** SUPPLIED INFORMATION follows **

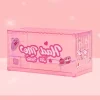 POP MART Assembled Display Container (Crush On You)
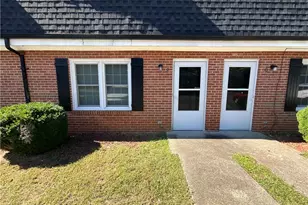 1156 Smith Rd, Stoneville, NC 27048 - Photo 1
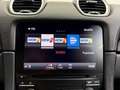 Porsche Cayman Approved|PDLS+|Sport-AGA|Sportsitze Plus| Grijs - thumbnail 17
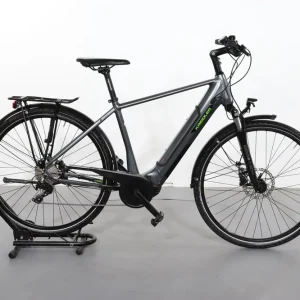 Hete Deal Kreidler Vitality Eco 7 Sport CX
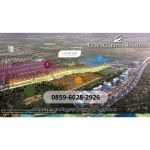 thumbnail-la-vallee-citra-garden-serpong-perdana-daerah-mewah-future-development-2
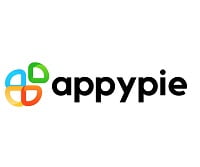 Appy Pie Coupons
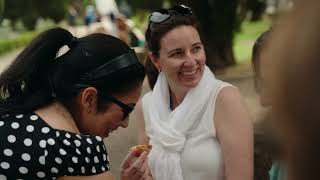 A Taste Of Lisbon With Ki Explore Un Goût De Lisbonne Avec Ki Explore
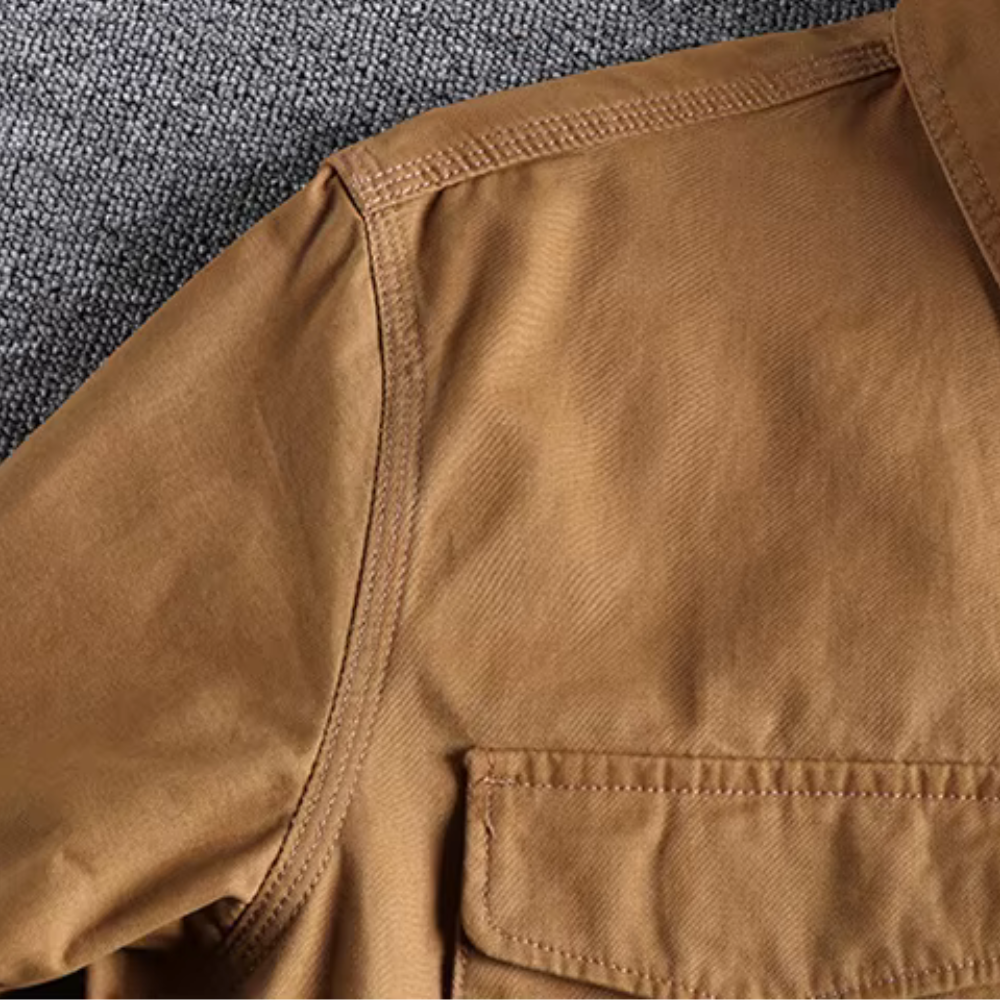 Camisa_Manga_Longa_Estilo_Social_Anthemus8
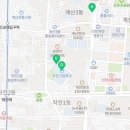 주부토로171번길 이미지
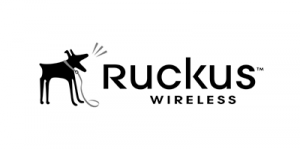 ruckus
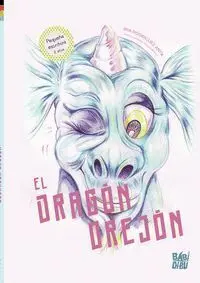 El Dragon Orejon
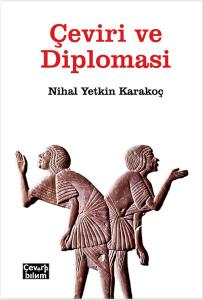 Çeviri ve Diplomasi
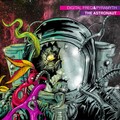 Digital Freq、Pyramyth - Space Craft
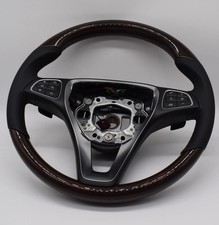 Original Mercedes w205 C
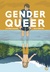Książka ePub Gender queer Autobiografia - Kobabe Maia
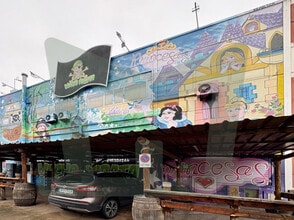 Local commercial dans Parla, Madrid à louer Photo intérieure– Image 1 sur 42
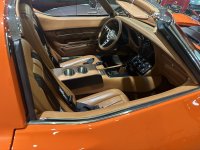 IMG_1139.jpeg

** End of SUPPLIED INFORMATION **

> [WHAT YOU WILL DO]:
Everything from the line with "Camisa_Manga_Longa_Estilo_Social_Anthemus8" through the last line of the listing should be retyped exactly, with both end lines kept and the pictures left out.

> [FINISHED TASK]:
 Camisa_Manga_Longa_Estilo_Social_Anthemus8
 주부토로171번길 이미지
 ruckus
 El Dragon Orejon
 Çeviri ve Diplomasi
 Digital Freq、Pyramyth - Space Craft
 Original Mercedes w205 C
Książka ePub Gender queer Autobiografia - Kobabe Maia
 Local commercial dans Parla, Madrid à louer Photo intérieure– Image 1 sur 42
 IMG_1139.jpeg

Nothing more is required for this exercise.